Diante da relevância da questão o legislador não precisaria reafirmar o dever de fundamentação que já aparece no CPC como princípio fundamental com a cominação de nulidade se não observado, a rigor do art. 11 e o art. 93, inciso IX, da Constituição Federal, mas insiste porque a estabilidade é a regra e as mudanças são as exceções em se tratando de entendimento jurisprudencial, mais ainda envolvendo teses vinculantes que não amadurecem com o tempo – mas se projetam para o futuro a partir de um único julgamento.

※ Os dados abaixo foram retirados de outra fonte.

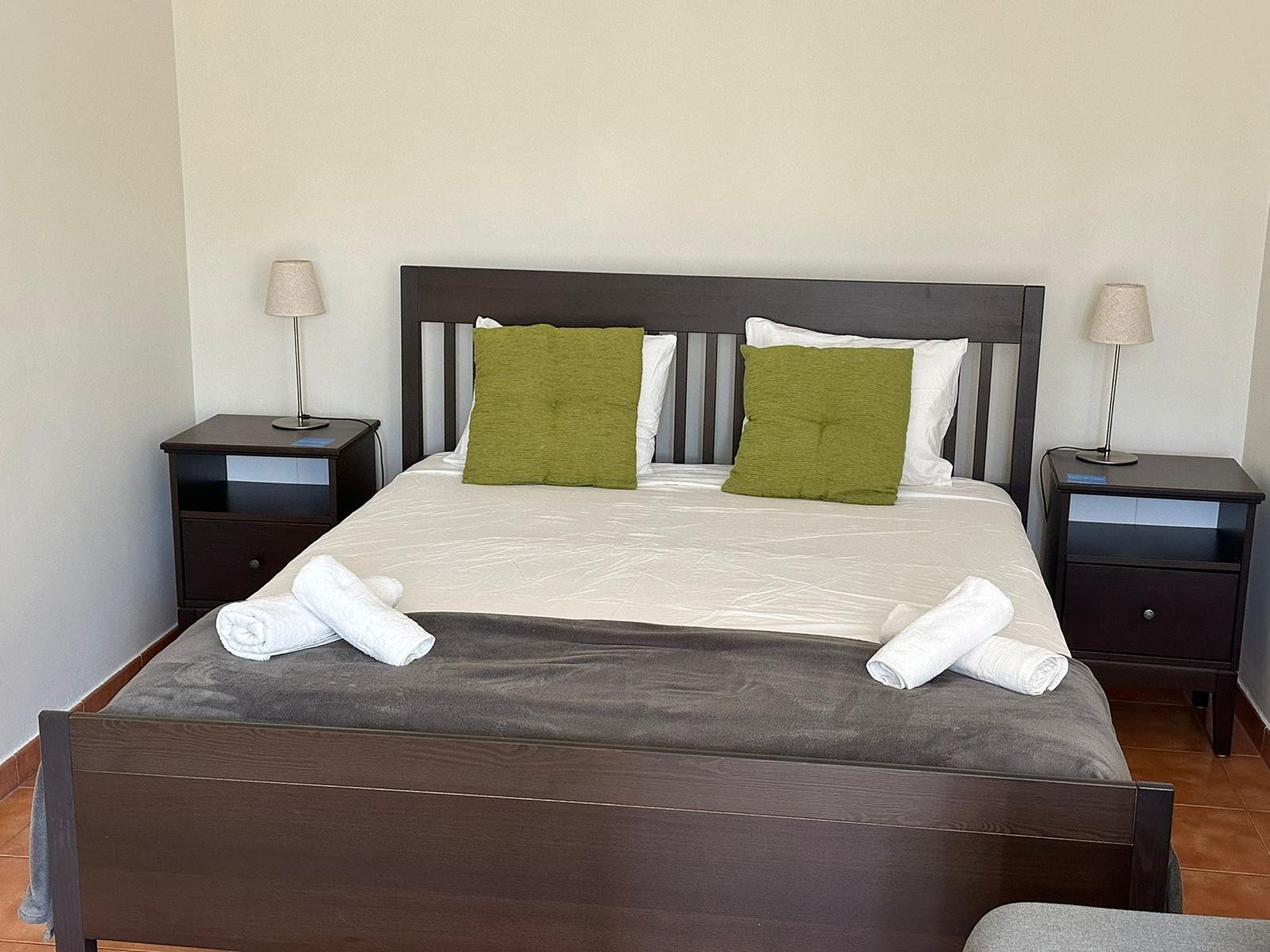 Casa de 6 Dormitorios y 5 Baños en alquiler vacacional en Marbella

O ideal seria que todas as decisões tomadas por meio do IRDR fossem resguardadas por dispositivos regimentais que demandassem quórum qualificado dos órgãos colegiados competentes para julgá-los, citando-se como exemplo o art. 271-E, do Regimento Interno do Superior Tribunal de Justiça, ao tratar o quórum necessário para deliberar sobre o Incidente de Assunção de Competência6.
No caso do TJDFT, o IRDR foi julgado pela Câmara de Uniformização antes da Emenda Regimental nº 11, de 19/12/2018, que deu nova redação ao art. 17, acrescentando parágrafos, entre eles o § 3º, o qual dispõe que “A Câmara de Uniformização reunir-se-á na presença de desembargadores em número equivalente, no mínimo, a dois terços de seus membros.”

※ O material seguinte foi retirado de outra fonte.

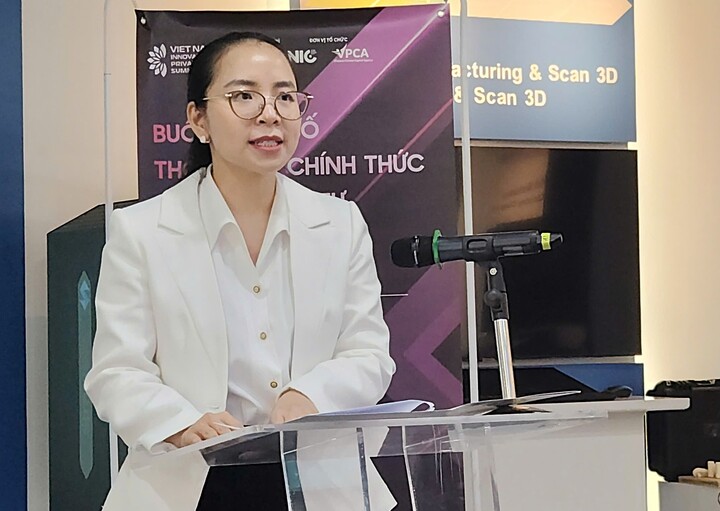 Bà Kim Ngọc Thanh Nga – Phó Giám đốc Trung tâm Đổi mới sáng tạo Quốc gia (NIC) - phát biểu tại buổi lễ. (Ảnh: MH)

Observe-se, por fim, as ações que tratam do controle de constitucionalidade no âmbito do Supremo Tribunal Federal, especialmente os arts. 27, da Lei nº 9.868/99 e 11, da Lei nº 9882/99, as quais exigem quórum qualificado de dois terços dos membros da Corte para modular os efeitos das decisões tomadas em sede de controle de constitucionalidade, por razões de segurança jurídica e interesse social, dispositivos semelhantes às regras art. 927, §§ 3º e 4º, do CPC, os quais tratam em sequência da modulação de efeitos e modificação de entendimento jurisprudencial e que são aplicáveis ao IRDR (art. 927, inciso III).
Conclusão
O caso comentado exemplifica o risco que o IRDR pode causar se o tribunal que estiver diante de controvérsia multitudinária não observar a necessidade de coerência, integridade e estabilidade da jurisprudência como um todo, uma vez que os jurisdicionados ficarão em situação indefinida diante de um acórdão de tribunal que tem a pretensão de solucionar controvérsia repetitiva, mas que ainda precisa passar por decisão de tribunal superior que sabidamente julga de maneira contrária.

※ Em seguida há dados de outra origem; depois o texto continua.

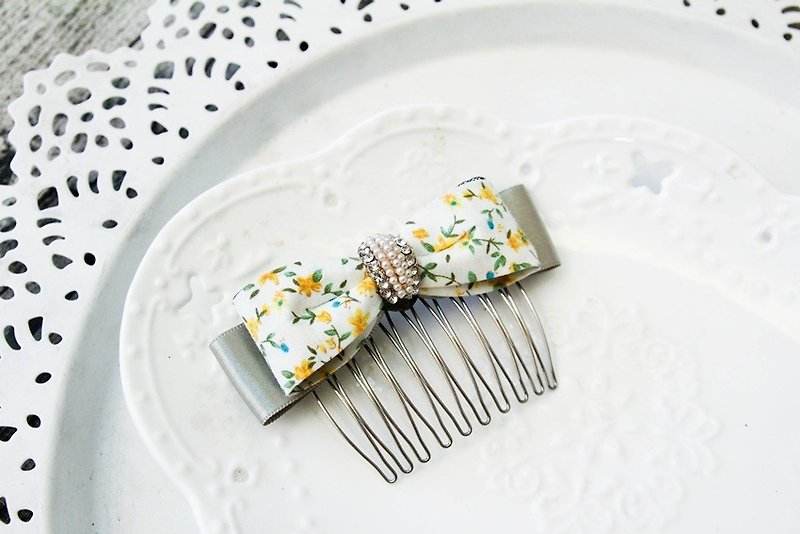 Pastoral wind simple bow hair comb - Hair Accessories - Cotton & Hemp Yellow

O quórum qualificado não é capaz de resolver o problema colocado, mas atenua o risco. Tome-se como exemplo o quórum qualificado de dois terços dos membros de um órgão colegiado e as teses discutidas no IRDR comentado. Houvesse essa regra, semelhante ao mencionado art. 27, da Lei nº 9.868/99, o resultado de 10 a 8 não seria suficiente para referendar um acórdão que contrariou entendimento do STJ, pois a Câmara de Uniformização teria que fazer 12 votos favoráveis à tese da relatora.
Ou seja, o quórum qualificado não elimina o risco, mas aumenta a necessidade de construir um consenso sólido e como próprio nome diz: qualifica a responsabilidade que envolve a fixação de tese vinculante com efeitos projetados até mesmo para casos futuros.
Deve-se, na medida do possível e ausente motivo específico, evitar a fragmentação de entendimentos contrários por meio de técnica de julgamento de casos repetitivos, uma vez que o seu efeito é ainda mais perverso do que a multiplicidade de entendimentos pulverizados em inúmeras demandas individuais.